This year I'm entering a couple of shots in the staff photography contest. Il Padre's skill with a camera has not transferred; whatever advice he's given about composition and technique has, quark-like, gone straight through my skull without penetrating. But even a blind pig et cetera, and I quite like the two pictures I'm entering.
This is the back field at my grandmother's, after a storm moved through. The thunder-heavy front rolled across the county as we were driving back from a hamburger supper at the local KoC hall, and had I not had my grandmother and great-aunt in the car I'd've pulled over 20 times to get pictures of the light shifting through buttery yellow into unearthly oranges and grey-blues, with a double rainbow arching huge across the sky. By the time we were home and I could run out to get this picture, the second arc had faded, but it doesn't matter here. The spanish moss in the trees by the watering tank makes them look strange and menacing, although to my knowledge they've never gone walking.

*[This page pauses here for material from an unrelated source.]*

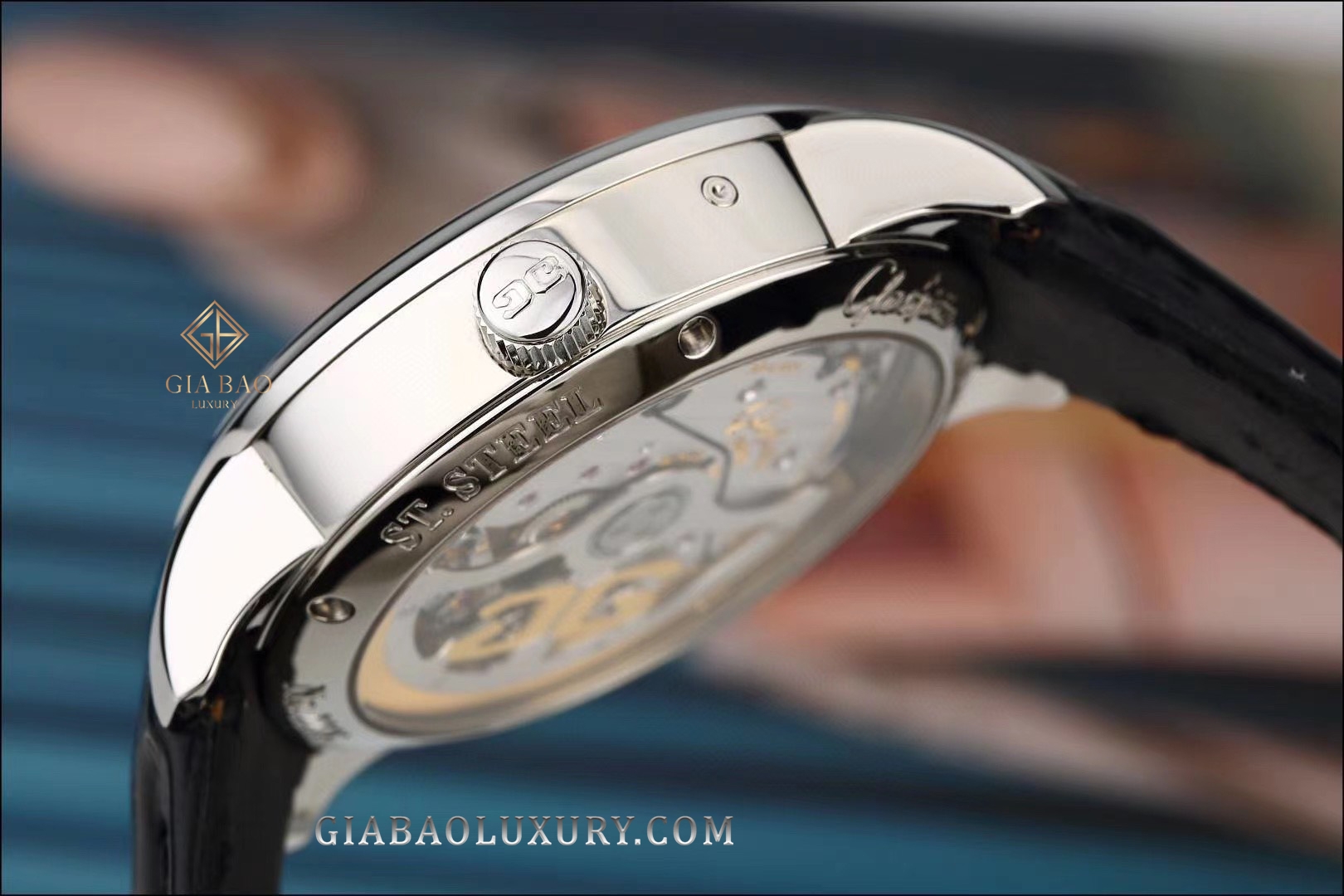 Đồng Hồ Glashutte Senator Perpetual Calendar 100-02-13-02-04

Getting good upward shots with a point-and-shoot in Recoleta Cemetery is a bitch. The lanes are narrow and the tombs poke up inconveniently; back up far enough to get something entirely into frame, and another bit of stonework is almost bound to jut into your field. This is some comfort when I look at all the pictures for which that excuse doesn't work. (Fortunately, certain subjects are so jaw-dropping that a photographer's lack of skillz is immaterial. Click the link and ask yourself about the person who chose that monument.) I'd be happier if this angel's wings weren't clipped a little, but otherwise it's not entirely terrible.
The prize for this contest is bragging rights: The winning entries are printed and framed in the office gallery. But everyone's pictures make it into the permanent slideshow, and keen competitors sharpen their lenses for the next year.
4 comments:
i like them both, but i disagree with you on the wing-clipping. i'd clip them even more... sometimes it's the difference between capturing a two-dimensional image of three-dimensional art, and creating your own art...
but it's all so subjective :)
The "creating your own art" bit is not my strongest suit. In this case, how close would you crop the wings, and would you clip some of the base of the statue as well?
So, did you win?
Nope. Not even a place. 3starjoe got an honorable mention for his Death Valley sands shot, though.